• [Records for this exercise]
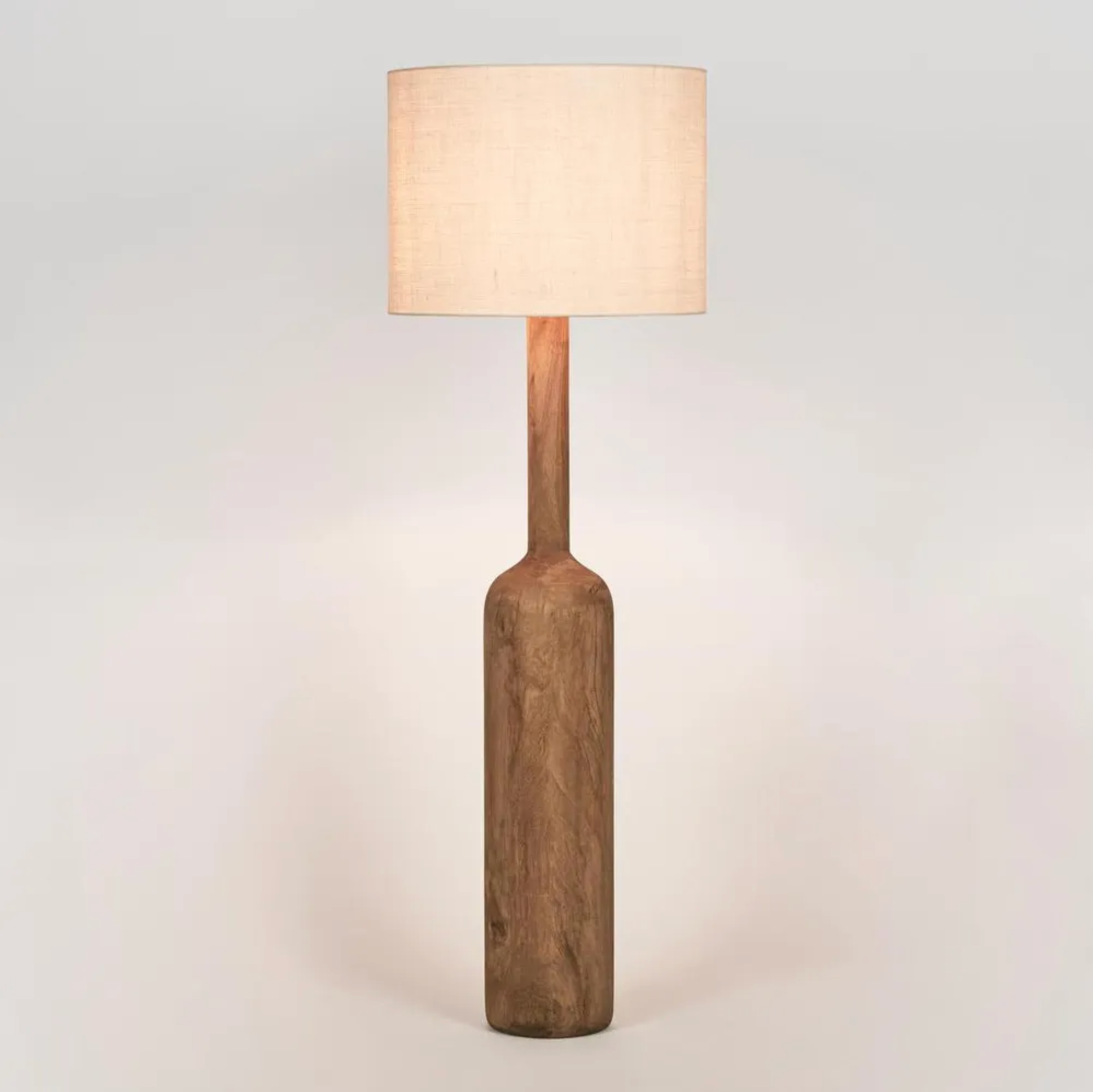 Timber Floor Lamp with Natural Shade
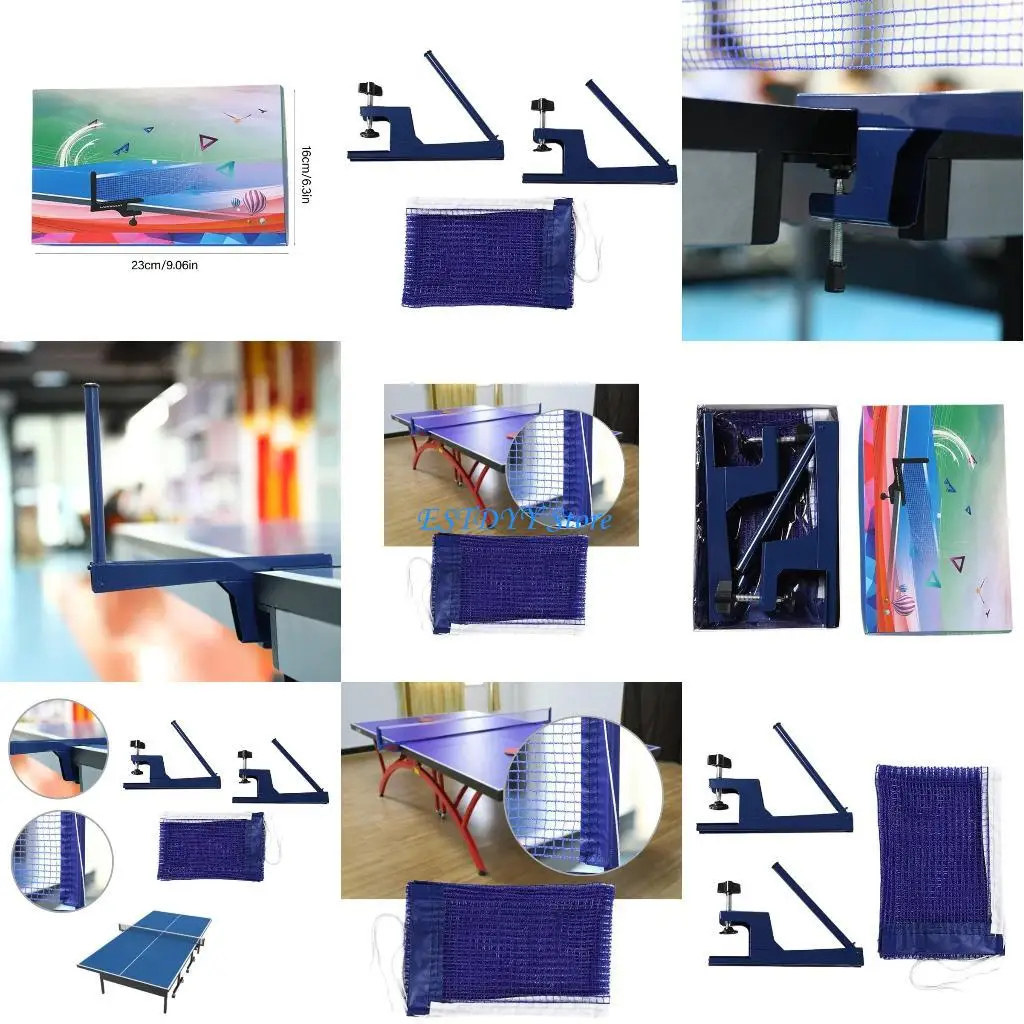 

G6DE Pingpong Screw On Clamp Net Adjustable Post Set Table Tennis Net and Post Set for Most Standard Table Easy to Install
...
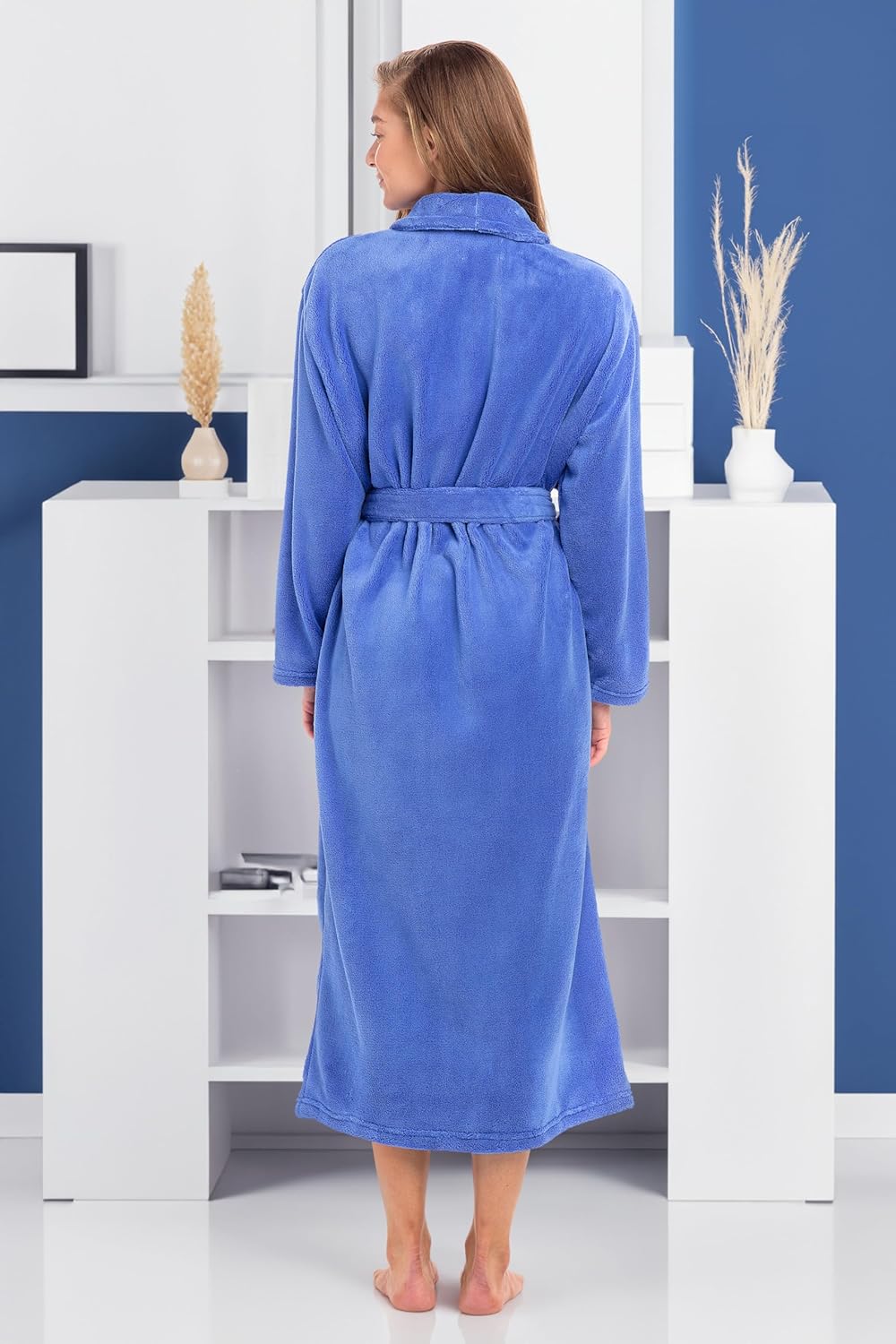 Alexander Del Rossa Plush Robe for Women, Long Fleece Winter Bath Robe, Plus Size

• [What is required] Reproduce the listing above only between the lines holding "Timber Floor Lamp with Natural Shade" and "G6DE Pingpong Screw", inclusive. Every line must match exactly, and pictures are dropped.

• [Written response]
 Timber Floor Lamp with Natural Shade

G6DE Pingpong Screw On Clamp Net Adjustable Post Set Table Tennis Net and Post Set for Most Standard Table Easy to Install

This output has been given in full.